The Memex is a fictional method of organizing and interpreting research based on human cognition: a machine with the ability to associate, rather than simply index. It was a dream of Vennevar Bush’s at the end of World War II. Now, of course, we have the memex: the Internet, a gargantuan database of information contained in the realm of cyberspace, which spreads out through so many links that its other name is the World Wide Web. The greatest difference, of course, is that the web is ever shifting, and impermanent, but with archival sites such as archive.com, there is a skeletal but possibly permanent record. And what has happened? Has the miracle of progress that Bush is pushing occurred?
I think the answer is yes and no. The promise of instant access, instant gratification of knowledge, has been realized. Google proves that. But do we entertain the “luxury of forgetting” as much as Bush has hoped? Do humans no longer have to burden their minds with huge amounts of information, repeating learning processes that many have already gone through, so progress may be achieved faster and more efficiently without going through all the first steps? That I cannot believe.

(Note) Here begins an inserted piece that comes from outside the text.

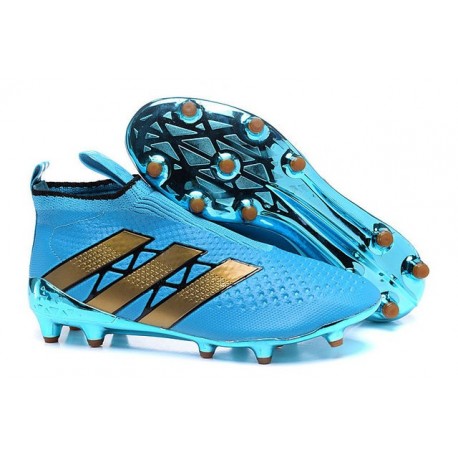 Adidas Ace16+ Purecontrol FG/AG Chaussures de Football Pour Homme Bleu Or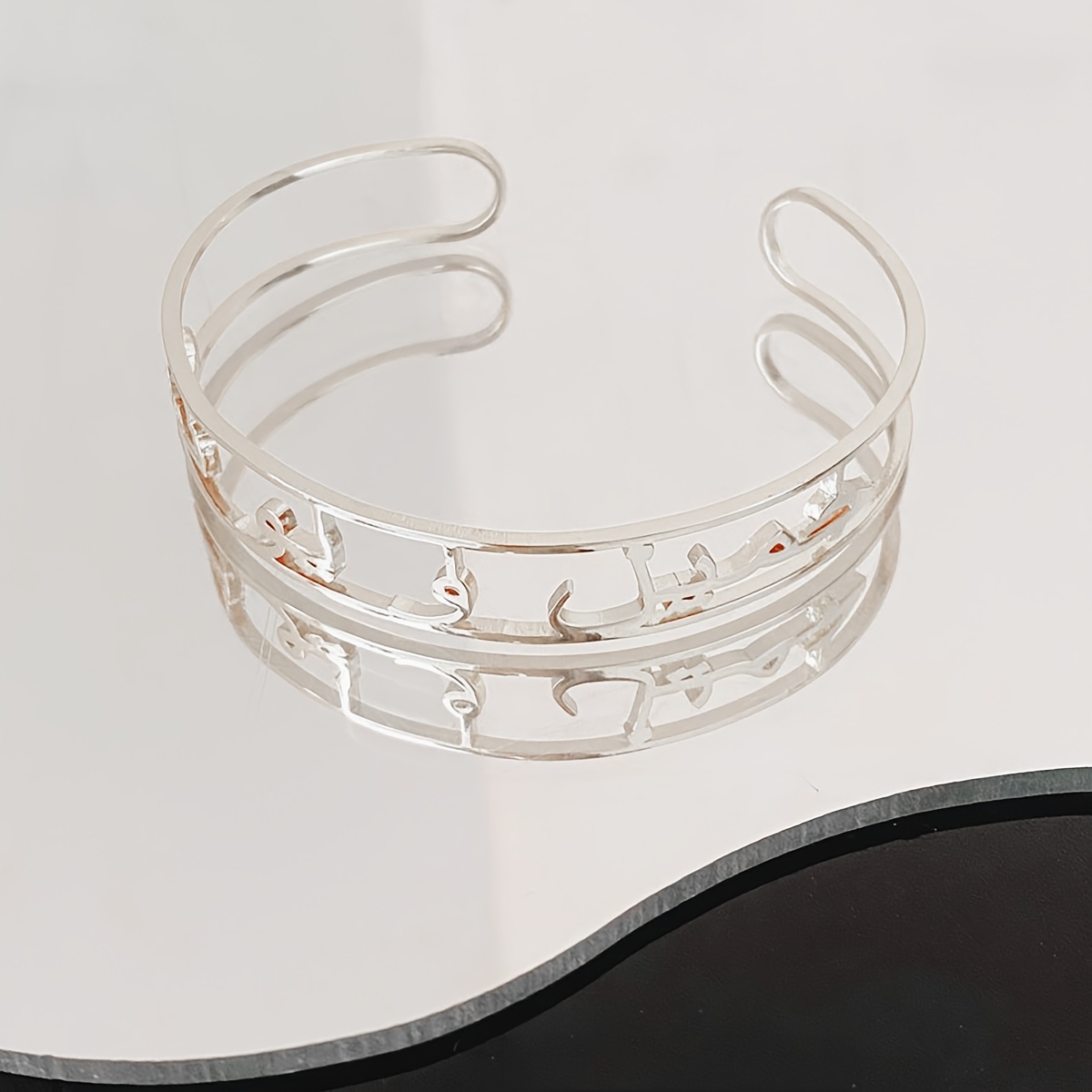 Stylish Open Bracelet with Personalized Arabic Names, Stainless Steel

There’s a wonderful example of what Bush is hoping for that I believe has not been mentioned in class or in section. It is of the great Indian mathematician Srinivasa Ramanujan. Ramanujan was a poor man, raised in India in the late 19th century, away from the intellectual center of the world which, at that time, was Western Europe (mostly Germany). With almost no training in pure mathematics, he somehow managed to contribute an incredible amount of information to the field by simply starting from scratch. Of course, with no training, he had very little idea of what had already been done, and had to come up with most of Western mathematics by himself in order to advance. Mathematicians still wonder what the result would have been if Ramanujan had had all the information he needed at his disposal, if he had not wasted his time with rediscovering most of established mathematics (Ramanujan died very young). Bush and the memex seem to answer this quandary.
However, I believe the reason why Ramanujan was such a genius in the first place was that he had the understanding of mathematics most Western mathematicians did not, because he taught himself. He went through the repetitive processes, and “wasted his time” according to the logic of Bush, but human understanding requires human learning. With increasing specialization, knowledge of the basics is absolutely fundamental. Standing on the shoulders of giants produces progress but little understanding; many who say science is getting away from humanity believe it is so because of this very reason. And of course, with each step away from the basics, the ground becomes shakier—assumptions, which may have been questioned at first, quickly become taken for granted and eventually forgotten. This has the potential to lead to chaos.
I am a progressive, but I like to know what I’m progressing towards before I push forward. I've read my dystopias. I’m glad the memex has not been realized, and people are still questioning and doing repetitive learning. Remember: each time the same scientific law is confirmed, that’s also progress.